Alexander Graham Bell's Delightfully Weird Sketchbooks - gatsby
http://www.theatlantic.com/technology/archive/2011/03/alexander-graham-bells-wonderfully-weird-sketchbooks/72281/

======
ChuckMcM
I've always been a big fan of keeping a notebook around to sketch ideas, write
down thoughts, etc.

There was a interesting couple of sketches in the slide show that highlight,
"CABLE GUY" and "SELF PORTRAIT". What the journalist didn't "get" was that he
was looking at Bell's conception of the 'cell' phone or portable phone.

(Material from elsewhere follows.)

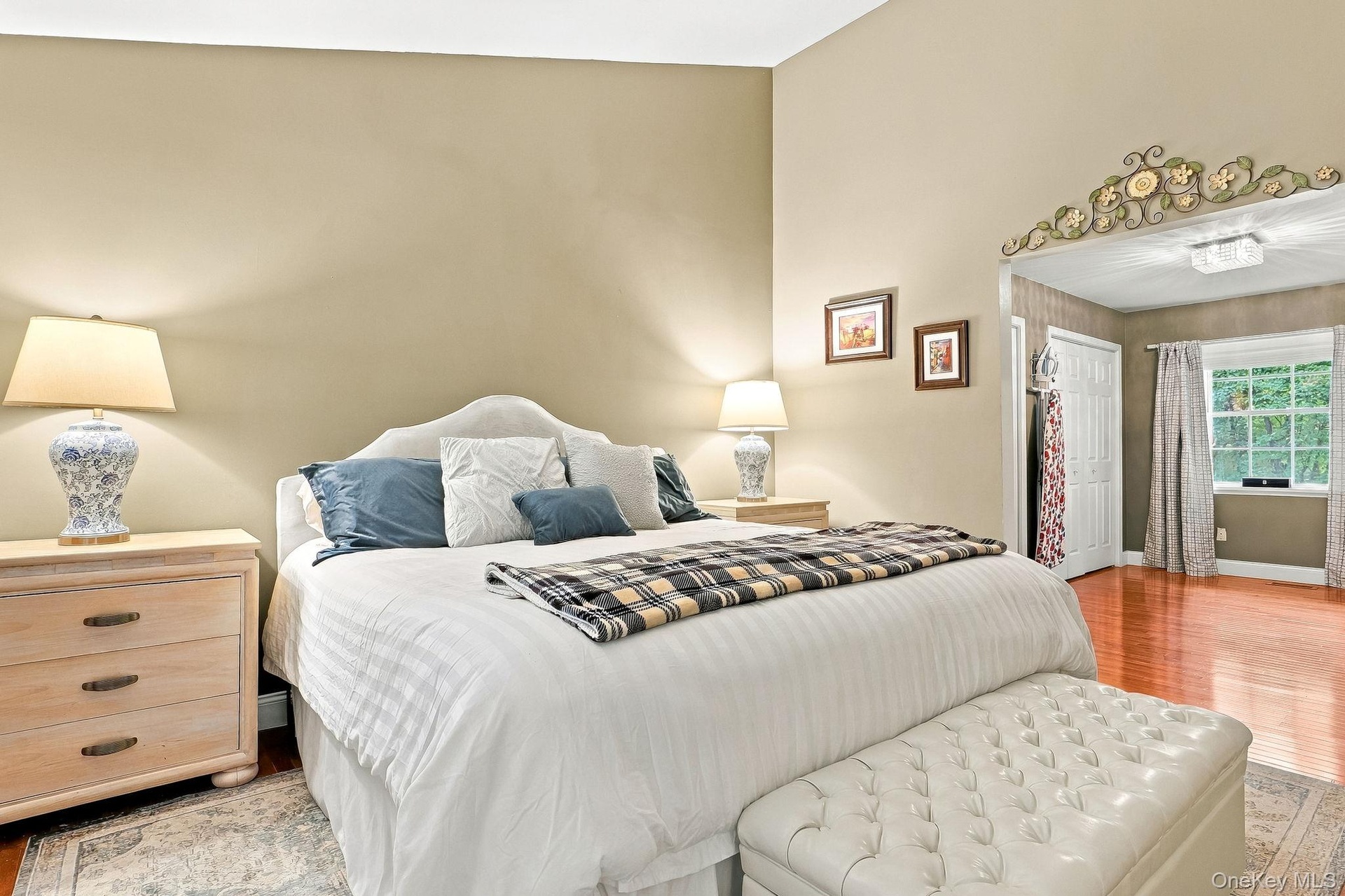 Vaulted ceiling with light-toned walls, rich wood-finish flooring, and a decorative archway
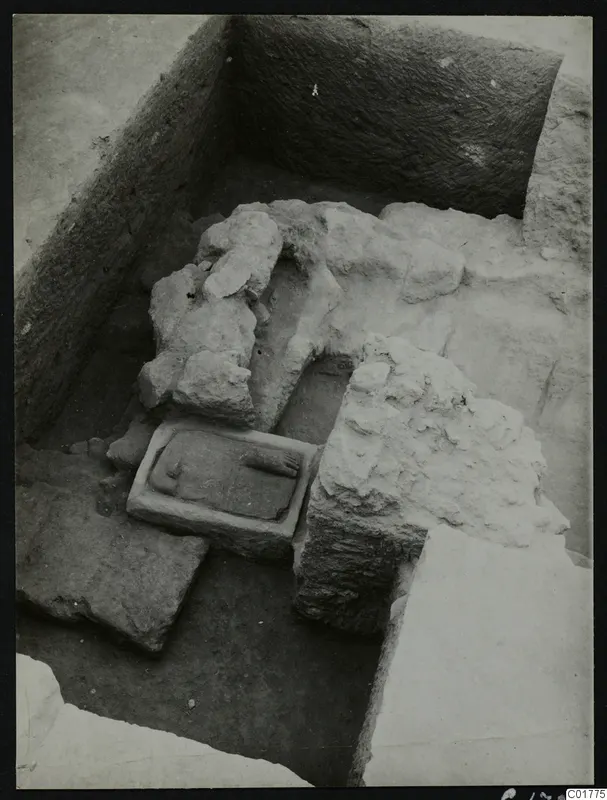 Excavation trench at Kition, Larnaca, with a carved stone slab set in a rectangular stone frame among fallen stones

In the "SELF PORTRAIT" we see a person speaking into an apparatus which no
doubt modulates a current on the giant open air inductor slung over this poor
chap's shoulder. By modulating a current in that inductor a field is created
that has the sounds modulating it. In "CABLE GUY" we have another person
carrying another giant inductor which is connected to a speaker. Presumably
Bell was imagining that some how one would talk at a distance without wires
but carrying around giant antenna equivalents :-). This was an area where
Tesla was working and I don't doubt that Bell was thinking about ways to work
this problem as well.

------
Kafka
As far as I can tell the triangles in triangles shaped aircraft sketch
predates Sierpinski's discovery. <http://bit.ly/hhH779> \- the sketch
<http://en.wikipedia.org/wiki/Sierpinski_triangle> \- "who described it in
1915"

Maybe Bell studied 13th-century Cosmati mosaics.